What the task requires » All lines after the one containing "Thirdly, the standby" are needed, along with that line itself. Please repeat them exactly through the end of the entries.

(Collected data)
•••••

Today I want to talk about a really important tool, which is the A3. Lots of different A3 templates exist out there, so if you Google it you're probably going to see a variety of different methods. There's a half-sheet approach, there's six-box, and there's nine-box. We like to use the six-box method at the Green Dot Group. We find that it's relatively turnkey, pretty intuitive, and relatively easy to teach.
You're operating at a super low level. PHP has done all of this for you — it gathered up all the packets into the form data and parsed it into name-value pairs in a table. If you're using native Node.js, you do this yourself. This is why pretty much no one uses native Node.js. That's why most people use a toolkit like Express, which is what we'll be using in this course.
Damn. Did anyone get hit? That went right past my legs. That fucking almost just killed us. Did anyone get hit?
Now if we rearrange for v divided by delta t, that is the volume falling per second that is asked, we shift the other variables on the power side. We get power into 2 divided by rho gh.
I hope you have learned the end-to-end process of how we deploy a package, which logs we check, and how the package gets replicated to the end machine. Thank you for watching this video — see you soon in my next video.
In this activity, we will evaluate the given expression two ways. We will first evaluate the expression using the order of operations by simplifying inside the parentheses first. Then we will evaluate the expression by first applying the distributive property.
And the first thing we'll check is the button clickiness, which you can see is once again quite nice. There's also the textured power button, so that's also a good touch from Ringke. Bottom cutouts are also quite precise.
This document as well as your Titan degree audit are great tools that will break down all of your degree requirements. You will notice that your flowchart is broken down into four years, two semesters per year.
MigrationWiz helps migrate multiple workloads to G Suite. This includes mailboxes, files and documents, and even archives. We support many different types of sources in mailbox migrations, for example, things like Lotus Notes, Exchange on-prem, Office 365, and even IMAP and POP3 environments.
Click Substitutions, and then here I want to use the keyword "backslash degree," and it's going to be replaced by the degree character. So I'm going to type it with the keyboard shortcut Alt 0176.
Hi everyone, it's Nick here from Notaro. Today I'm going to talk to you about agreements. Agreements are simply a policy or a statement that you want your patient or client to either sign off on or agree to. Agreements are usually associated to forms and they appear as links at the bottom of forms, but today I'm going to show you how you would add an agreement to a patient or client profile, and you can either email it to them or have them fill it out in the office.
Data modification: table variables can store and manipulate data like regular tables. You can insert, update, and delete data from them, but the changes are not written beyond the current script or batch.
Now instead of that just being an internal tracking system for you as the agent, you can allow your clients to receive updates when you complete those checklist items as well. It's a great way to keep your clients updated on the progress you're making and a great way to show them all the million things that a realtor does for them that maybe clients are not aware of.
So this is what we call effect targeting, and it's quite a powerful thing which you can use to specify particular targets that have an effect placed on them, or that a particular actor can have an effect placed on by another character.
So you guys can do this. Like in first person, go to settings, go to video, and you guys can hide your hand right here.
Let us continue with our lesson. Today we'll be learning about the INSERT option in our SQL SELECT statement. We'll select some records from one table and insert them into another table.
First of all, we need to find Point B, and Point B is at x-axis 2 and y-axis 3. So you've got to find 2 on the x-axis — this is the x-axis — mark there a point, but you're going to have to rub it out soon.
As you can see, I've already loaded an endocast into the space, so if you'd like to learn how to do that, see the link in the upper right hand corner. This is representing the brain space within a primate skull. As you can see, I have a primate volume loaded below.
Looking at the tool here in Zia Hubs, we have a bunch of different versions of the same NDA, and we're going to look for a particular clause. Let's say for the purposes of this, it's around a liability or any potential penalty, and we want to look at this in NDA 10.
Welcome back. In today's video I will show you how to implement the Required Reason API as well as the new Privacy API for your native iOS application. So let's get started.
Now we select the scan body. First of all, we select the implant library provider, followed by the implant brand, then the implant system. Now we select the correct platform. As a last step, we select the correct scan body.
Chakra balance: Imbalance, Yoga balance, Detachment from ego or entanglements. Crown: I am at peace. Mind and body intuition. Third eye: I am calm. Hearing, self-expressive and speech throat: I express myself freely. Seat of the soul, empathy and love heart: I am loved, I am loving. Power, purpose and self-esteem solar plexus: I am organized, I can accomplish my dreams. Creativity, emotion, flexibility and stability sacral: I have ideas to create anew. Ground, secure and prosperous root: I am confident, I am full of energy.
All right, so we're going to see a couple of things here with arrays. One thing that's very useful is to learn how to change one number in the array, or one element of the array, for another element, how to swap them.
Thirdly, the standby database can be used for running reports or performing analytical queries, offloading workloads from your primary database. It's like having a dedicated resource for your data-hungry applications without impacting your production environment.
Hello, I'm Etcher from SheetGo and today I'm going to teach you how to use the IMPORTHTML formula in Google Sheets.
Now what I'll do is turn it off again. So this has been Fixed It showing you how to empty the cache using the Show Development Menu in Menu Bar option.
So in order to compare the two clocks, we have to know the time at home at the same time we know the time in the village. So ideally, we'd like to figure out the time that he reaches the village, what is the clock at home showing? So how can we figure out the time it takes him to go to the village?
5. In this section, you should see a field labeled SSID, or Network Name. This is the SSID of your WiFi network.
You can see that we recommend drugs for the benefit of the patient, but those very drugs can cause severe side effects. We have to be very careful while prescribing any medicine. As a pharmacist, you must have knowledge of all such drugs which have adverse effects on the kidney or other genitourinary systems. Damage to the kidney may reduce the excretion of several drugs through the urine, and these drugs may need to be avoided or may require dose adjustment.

•••••

Response area »
Thirdly, the standby database can be used for running reports or performing analytical queries, offloading workloads from your primary database. It's like having a dedicated resource for your data-hungry applications without impacting your production environment.
Hello, I'm Etcher from SheetGo and today I'm going to teach you how to use the IMPORTHTML formula in Google Sheets.
Now what I'll do is turn it off again. So this has been Fixed It showing you how to empty the cache using the Show Development Menu in Menu Bar option.
So in order to compare the two clocks, we have to know the time at home at the same time we know the time in the village. So ideally, we'd like to figure out the time that he reaches the village, what is the clock at home showing? So how can we figure out the time it takes him to go to the village?
5. In this section, you should see a field labeled SSID, or Network Name. This is the SSID of your WiFi network.
You can see that we recommend drugs for the benefit of the patient, but those very drugs can cause severe side effects. We have to be very careful while prescribing any medicine. As a pharmacist, you must have knowledge of all such drugs which have adverse effects on the kidney or other genitourinary systems. Damage to the kidney may reduce the excretion of several drugs through the urine, and these drugs may need to be avoided or may require dose adjustment.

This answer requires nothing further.